Robert Menasse denkt in seinem Roman „Die Erweiterung“ mit skeptischem Stirnrunzeln über Europa nach

Von Beat MazenauerRSS-Newsfeed neuer Artikel von Beat Mazenauer

Besprochene Bücher / Literaturhinweise

Die Peripherie lässt sich nicht vom Zentrum aus bändigen. Diesen Eindruck vermittelt Robert Menasse in seinem neuen Roman Die Erweiterung. Er richtet darin den Blick auf die Grenzregionen im europäischen Osten und Südosten. Im Herbst 2020 sieht sich die Brüsseler EU-Administration mit dem Beitrittswunsch Albaniens konfrontiert. Dem Vorhaben stehen Frankreich und Polen ablehnend gegenüber, doch der albanische Präsident taktiert raffiniert und stellt die Gegnerschaft auf eine harte Probe. Von seinem Einflüsterer, dem Dichter Fate Vasa bestens orchestriert, scheint sich ganz Europa auf einmal um den Helm des albanischen Freiheitshelden Skanderbeg zu drehen.

Die Erweiterung folgt auf den turbulenten Roman Die Hauptstadt (2017) und weitet dessen Perspektive. Menasse glückt es abermals, die politische Thematik in eine schwungvolle Erzählung einzubetten, die Raum lässt für politische Reflexionen. Der Spagat gelingt, indem er zwei EU-Funktionsträger als Hauptrollen einsetzt, die sich Gedanken über eine Westbalkan-Konferenz machen und damit auch private Probleme und Wünsche mit in Verbindung bringen. Ihre Charaktere verleihen dem Roman Statur. Der eine von ihnen ist Adam Prawdower aus der Generaldirektion für Nachbarschaftspolitik und Erweiterung. Seit sein Blutsbruder aus Solidarnosc-Tagen in Warschau an der Macht ist, quält er sich und seine Familie mit schlechter Laune. Er wirft dem polnischen Ministerpräsidenten vor, ihre einstigen Werte zu verraten und sich zum zynischen Machtpolitiker gewandelt zu haben, der nicht einmal davor zurückschreckt, das Gedenken an Holocaust lächerlich zu machen. Adam sinnt auf Rache.
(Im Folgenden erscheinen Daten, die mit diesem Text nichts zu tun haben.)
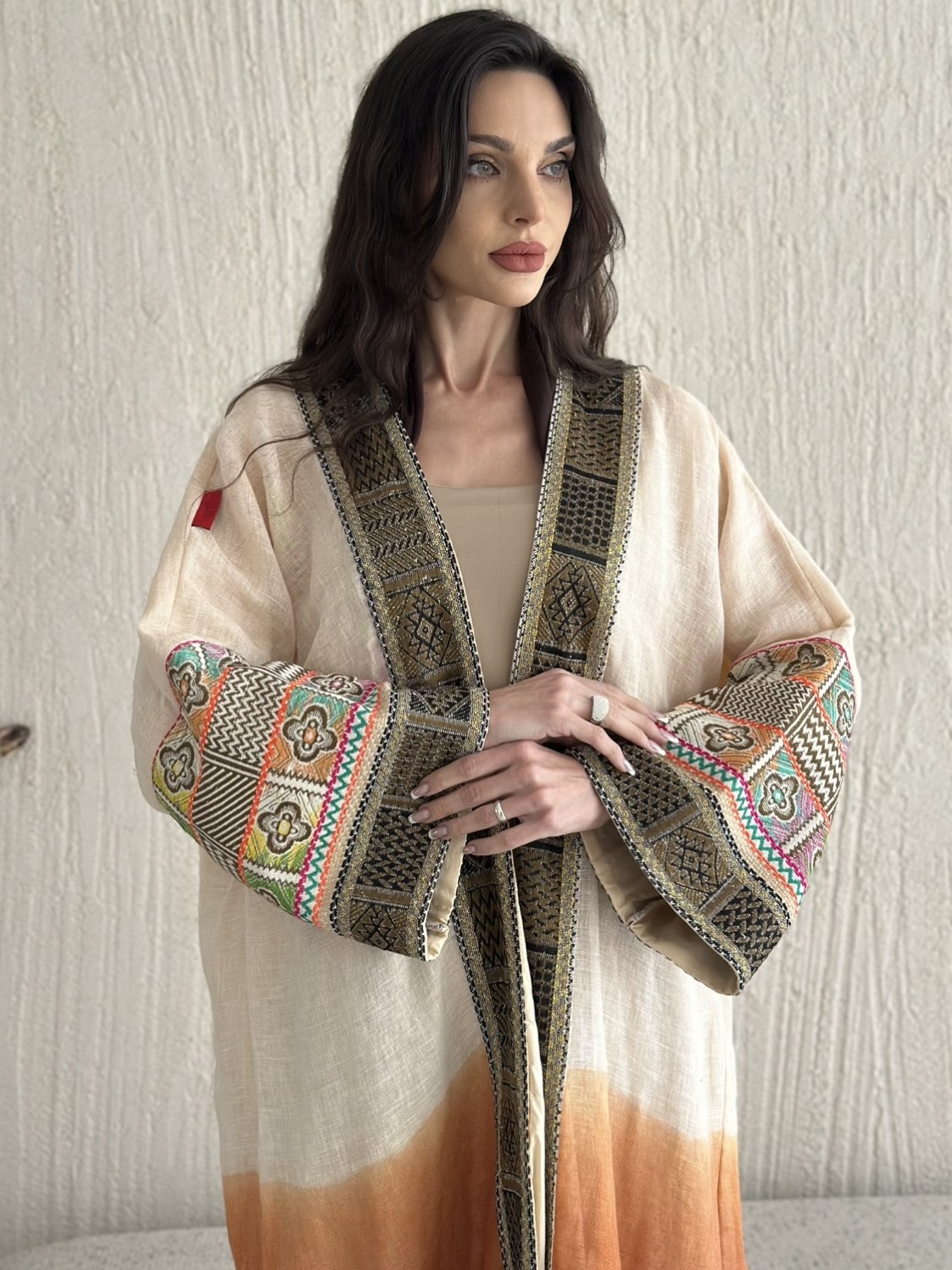 CUIR.LINES - Alternate View - Mnsaj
Ganz andere Gefühle begleiten den Österreicher Karl Auer, auch er ein Brüsseler Beamter und in der „Direktion D“ für Albanien zuständig. Er hat sich in die albanische Justizbeamtin Baja Muniq Kongoli, Tochter eines glühenden Bayern München-Fans, verliebt. Deshalb bemüht er sich doppelt um ein gutes Einvernehmen mit dem Beitrittskandidaten. In Tirana vertiefen obendrein der erwähnte Fate Vasa sowie die unabhängige Journalistin Ylbere Lenz die widersprüchlichen Eindrücke von einem Land im Umbruch.

Mit diesen emotionalen, persönlichen Aspekten bringt Robert Menasse eine auch politisch brisante Räubererzählung in Gang. Wer hat den goldenen Helm Skanderbegs im Wiener Weltmuseum gestohlen, und welche Absichten hegt der albanische Präsident eventuell mit diesem Symbol?

Die Erweiterung präsentiert ein facettenreiches Panoptikum von Figuren und Geistern, von inneren Widersprüchen und politischen Ränkespielen, das Menasse als gewieften Erzähler ausweist, der die komplizierten, zuweilen ins grotesk Irreale kippenden Vorgänge und Geschichten auf eine Weise erzählt, die jederzeit vergnüglich zu lesen ist und die ernsthaften Hintergründe doch nie verdeckt. Souverän lenkt er das vielgestaltige Ensemble seiner Figuren, verwebt ihre Schicksale miteinander und findet zwischendurch immer wieder Raum für ein gleichermaßen empathisches wie skeptisches Plädoyer für eine europäische Zusammenarbeit jenseits der reaktionären Nationalismen. In essayistisch anmutenden Exkursen blitzt immer wieder die politische Aktualität auf, die sich namentlich an real existierenden Figuren festmachen lässt: dem albanischen Zoti Kryeministër (ZK) alias Edi Rama, Adams Blutsbruder Mateusz alias Jarosław Kaczyński oder der gegenwärtigen Kommissionspräsidentin mit der gefestigten Helmfrisur. Menasse spielt lustvoll damit, ohne sich in der Groteske zu erschöpfen. Die Figuren sind glaubhaft gezeichnet, die Handlung entwickelt durchaus politische Logik, vor allem aber überzeugen die Reflexionen über die europäische Erweiterung durch messerscharfe Differenziertheit. Während Polen den Rechtsstaat aushöhle, beklagt sich Adam, würde Albanien für seine Modernisierung des Justizwesens nicht honoriert. Hin und wieder geht Menasse etwas gar tief in die Details, doch er tut dies jederzeit präzise, überzeugend und vor allem hervorragend informiert. Er plädiert für ein geeintes Europa, das die eigenen Widersprüche anerkennt und im politischen Prozess überwindet. „Im Grunde ist Politik ein Spiel mit Kulissen“ im Theater, hält der polnische Ministerpräsident im Roman nüchtern fest: „Vorne hast du symbolische Handlungen, dahinter die Technik.“ Diese Technik empfindet Adam mehr und mehr als ermüdend. Ein dickes Buch mit dem Titel Das Büro, das ihm empfohlen worden sei, hält ihm einen Spiegel vor, in dem sich nichts bewegt. Deshalb legt er es wieder weg.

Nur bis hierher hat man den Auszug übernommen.